TASK DESCRIPTION –
Return nothing but the lines from the one with "NVIDIA GeForce GT" through the one with "Bellapayis'te rahat site içinde 4+1 Villa" in the data below, word for word and without pictures.

BEGIN RECORDS FOR PROCESSING

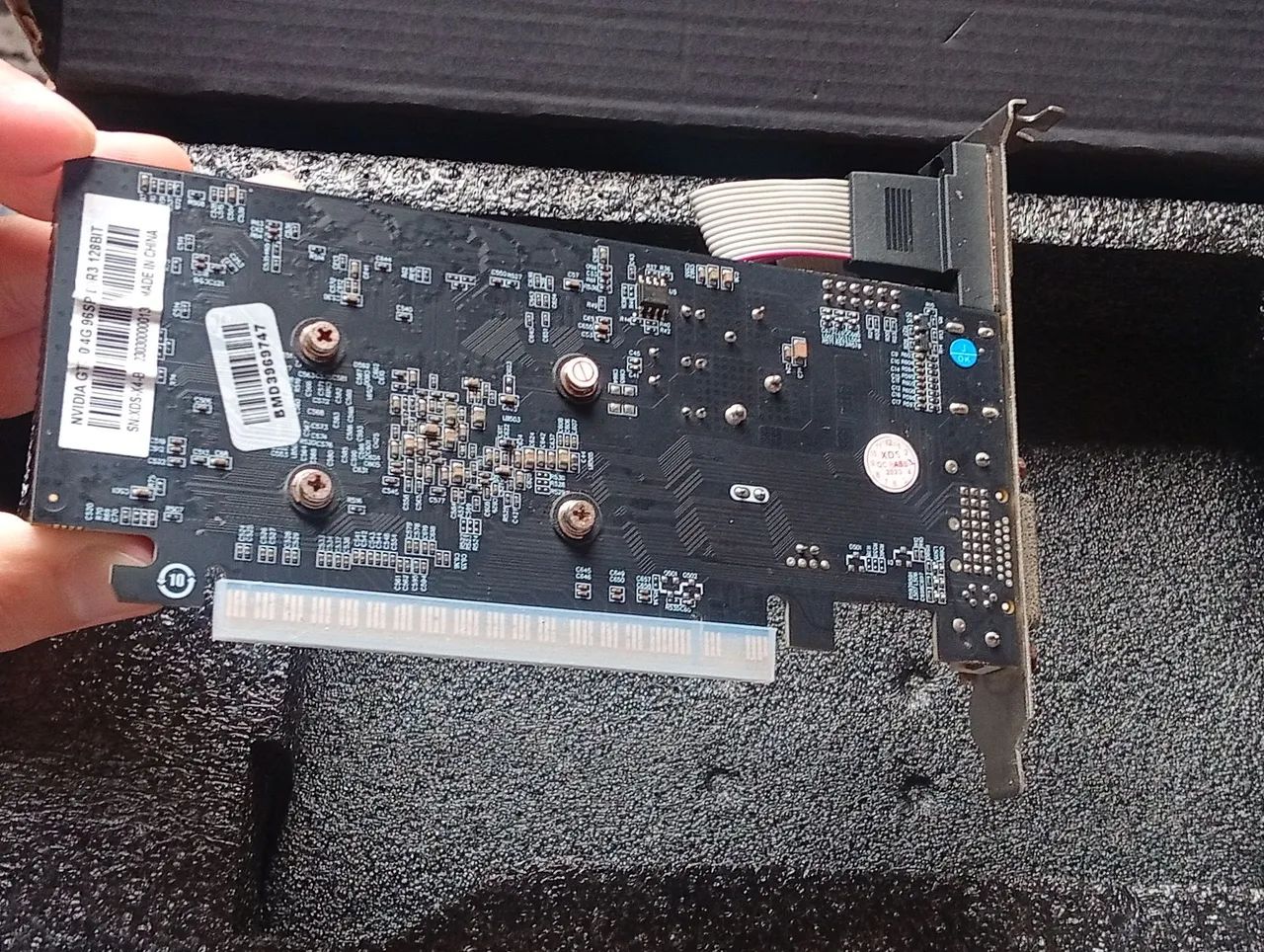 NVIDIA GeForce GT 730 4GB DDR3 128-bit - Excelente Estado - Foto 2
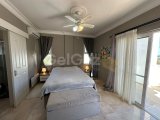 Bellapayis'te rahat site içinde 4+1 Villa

END RECORDS FOR PROCESSING
BEGIN RECORDS FOR PROCESSING

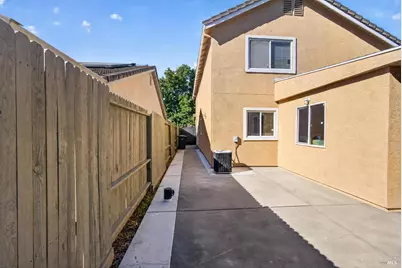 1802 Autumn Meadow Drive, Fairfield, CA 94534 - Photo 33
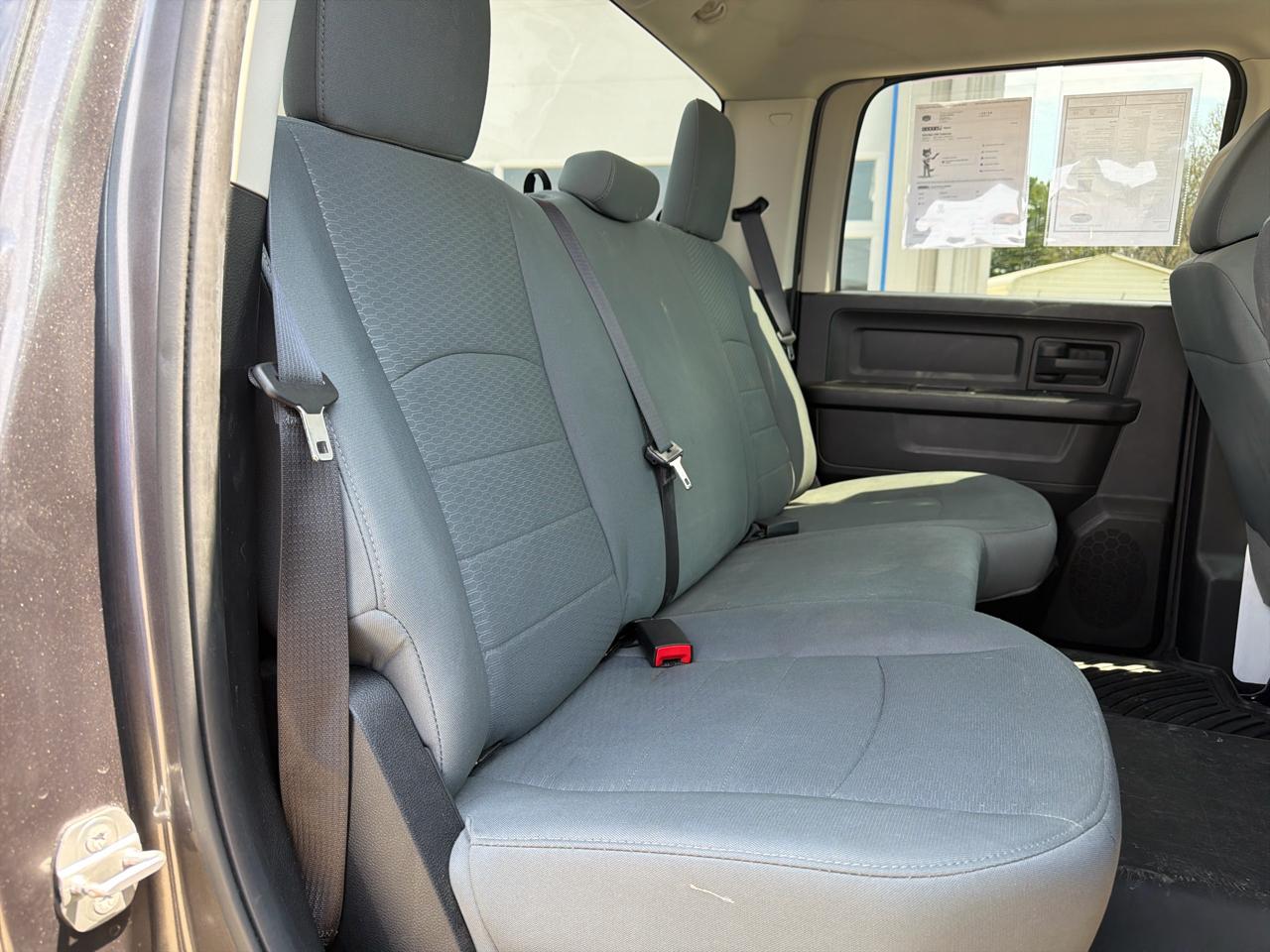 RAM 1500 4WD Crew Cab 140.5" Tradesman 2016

END RECORDS FOR PROCESSING
BEGIN RECORDS FOR PROCESSING

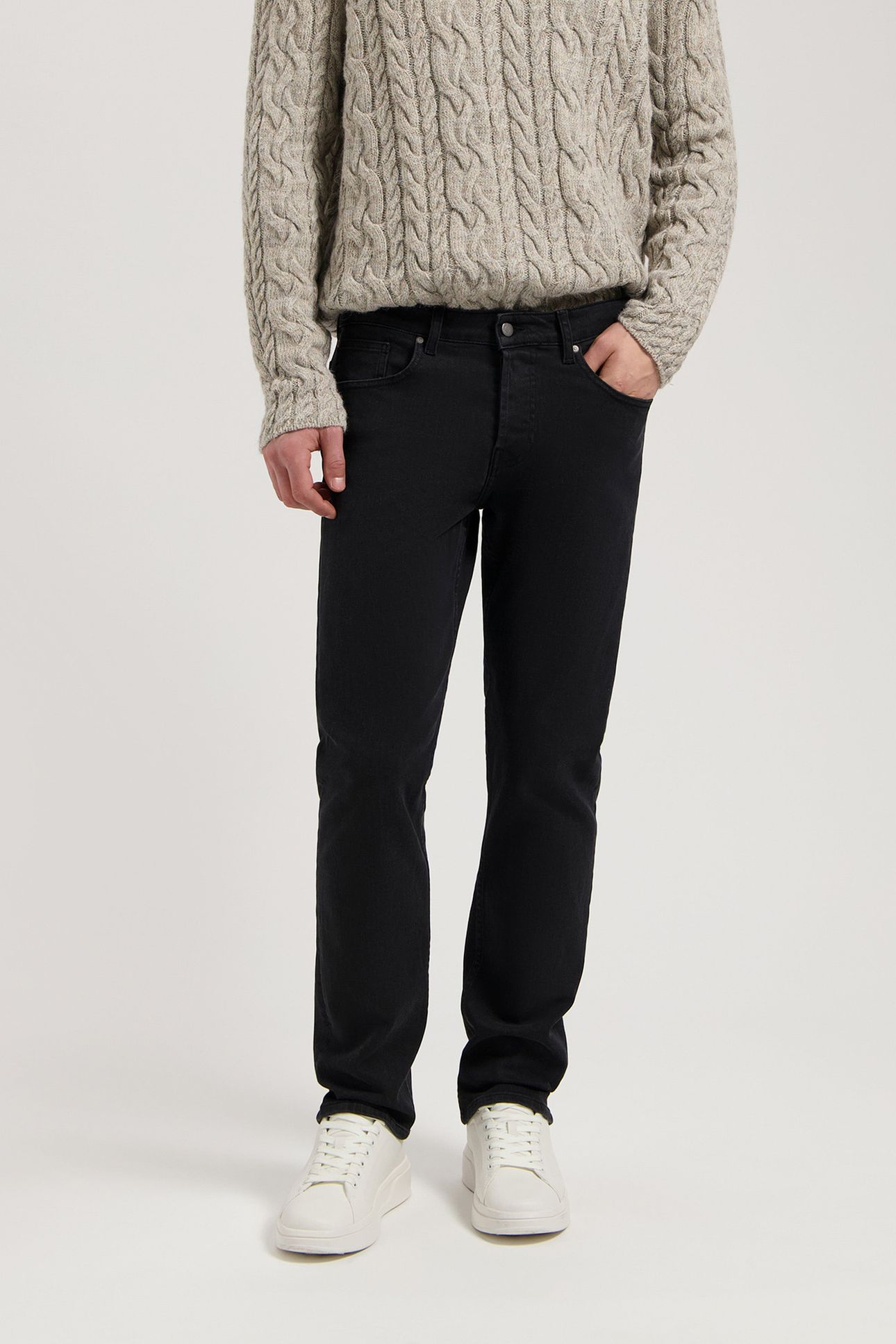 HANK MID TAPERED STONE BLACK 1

END RECORDS FOR PROCESSING

SOLUTION TO THIS PROBLEM –
 NVIDIA GeForce GT 730 4GB DDR3 128-bit - Excelente Estado - Foto 2
 Bellapayis'te rahat site içinde 4+1 Villa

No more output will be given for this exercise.